BIG HEAD has been performed to excellent reviews in Los Angeles and New York City. The LA Times describes Uyehara as "a virtual conflation of Laurie Anderson and Myoshi Umeki" who "addresses imperiled democracy in the present war-shrouded landscape... [with] her signature fusion of impish humor, sober recollection and kinetic self-commentary." The LA Weekly called the piece "powerful, compelling, potent and deeply chilling." BIG HEAD was selected for performance at the National Asian American Theater Festival in New York City in June 2007.
Denise Uyehara is an interdisciplinary performance artist/writer/playwright whose work has been presented across the United States (the Walker Art Center, Los Angeles County Museum of Art, Highways Performance Space), and internationally (the Institute for Contemporary Art in London, the Kiasma Museum in Helsinki, Dokkyo Performance Studies Conference and the Morishita Studio in Tokyo, the Fourth World Conference on Women, Beijing, Women in View Festival in Vancouver). She was a founding member of the Sacred Naked Nature Girls, an all female, multi-ethnic, experimental performance collective that made waves, beginning with their first, all-nude, performance piece in 1994.
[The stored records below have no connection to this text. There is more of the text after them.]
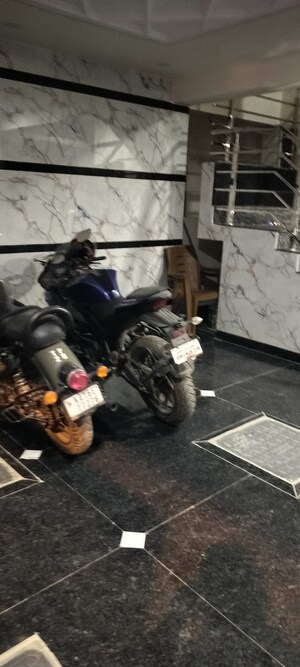 Parking in 1 BHK Builder Floor at Happy Homes BTM Layout, Btm Layout – for Rent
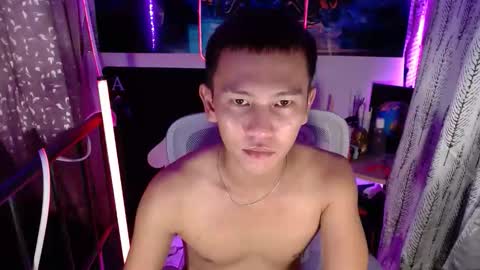 Snapshot of ralfhuge24 chatting on February 15, 6:32 am ralfhuge24 online show from February 15, 6:32 am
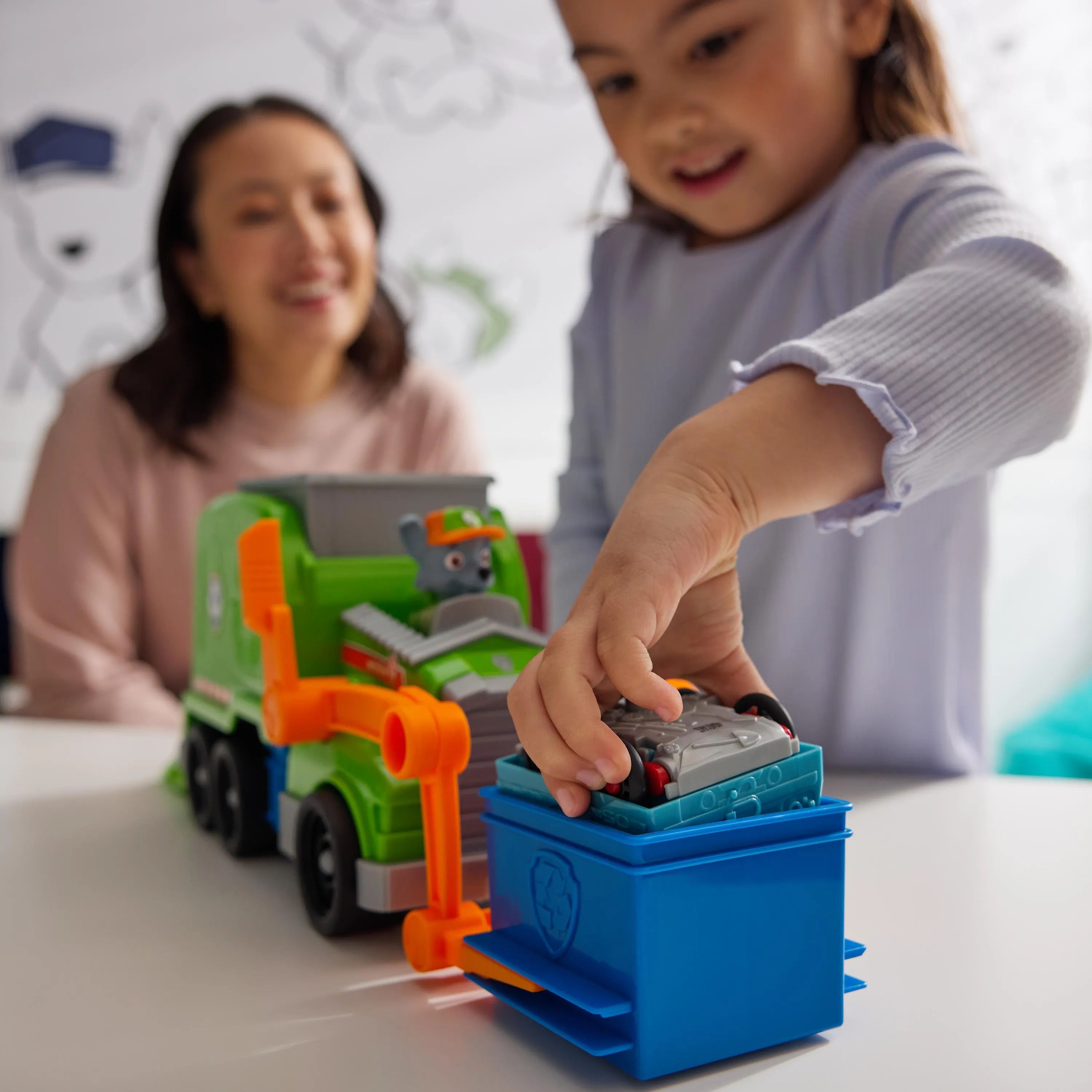 Spin Master Paw Patrol - Extra Large Recycling Truck with Rocky Figure and Transformation Function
The recipient of numerous awards, Uyehara recently received a fellowship from the Asian Cultural Council, a California Civil Liberties Public Education Program grant, and was a Poets & Writers 'Writer on Site' at the Los Angeles County Museum of Art and Beyond Baroque Literary Center. Uyehara teaches workshops in the community and has taught performance for the Dept. of World Arts & Cultures at University of California, Los Angeles (UCLA), and for the Depts. of Asian American Studies and Studio Arts at the University of California, Irvine (UCI).